You see Abraham is nearly one hundred "as good as dead," and Sarah has been barren her whole life and is now post-menopause. They cannot imagine how the promised end (offspring like the stars) can come through the way described--through people like them. People lacking in everything they thought required.
So they try other means.
Of course we know what happens after they've tried other means. After they've forced Haggar, a slave woman, to have a child by Abraham. After she bears a son and relationships get really messy, then the unimaginable happens. Sarah has a son by Abraham.
That's what I think is going on with Peter here. He can't imagine the messiah coming to glory by way of suffering death. "Surely not," he says. This is unimaginable. We will find another way. This can't really mean your death, Jesus.
That's when Jesus says his famous line.
I'm told that "get behind me" here is the same Greek phrase used when Jesus first calls Peter. It makes sense -- to follow is to get behind. "Follow me and I will make you fishers of men" might read "get behind me and I will make you fishers of men."
This deeply changed my understanding of the passage.
Jesus is calling Peter to follow him again -- just as he did by the Sea of Galilee. Peter has been following Jesus physically.
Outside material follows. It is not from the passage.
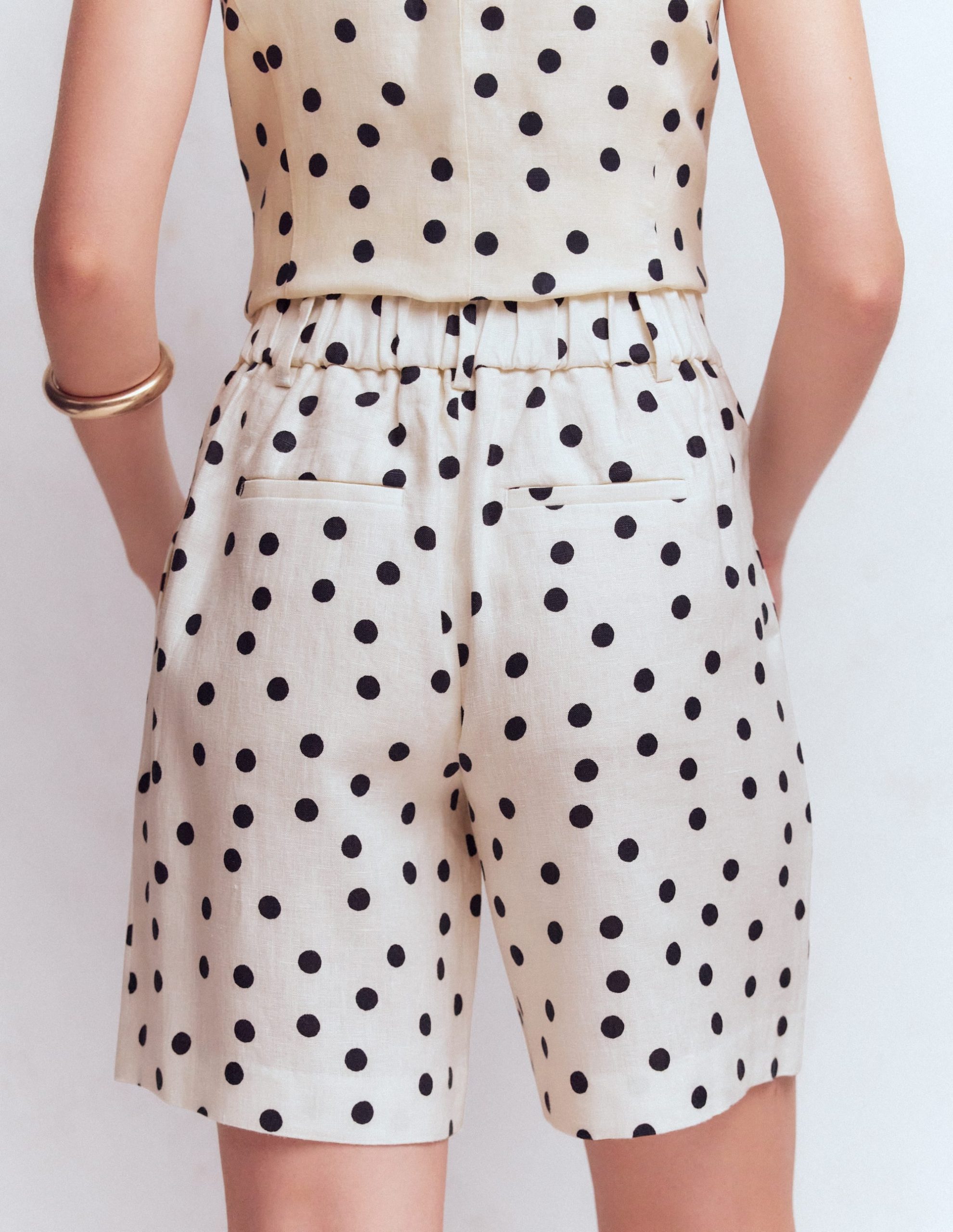 Kensington Linen Shorts-Ivory. Painted Dot - Image 3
He's tried to follow Jesus mentally too. Peter even came to believe in Jesus as the messiah. But then he had his own understanding of what being messiah would mean.
He can't imagine how the promised end can come from death.
So Jesus calls him back. Calls him from the role of accuser or tempter back to the turning of his heart toward God. Calls him back to all he has learned about the ways God works.
Get behind me, satan.
Follow me, accuser.
Follow me and see what unimaginable will come to pass.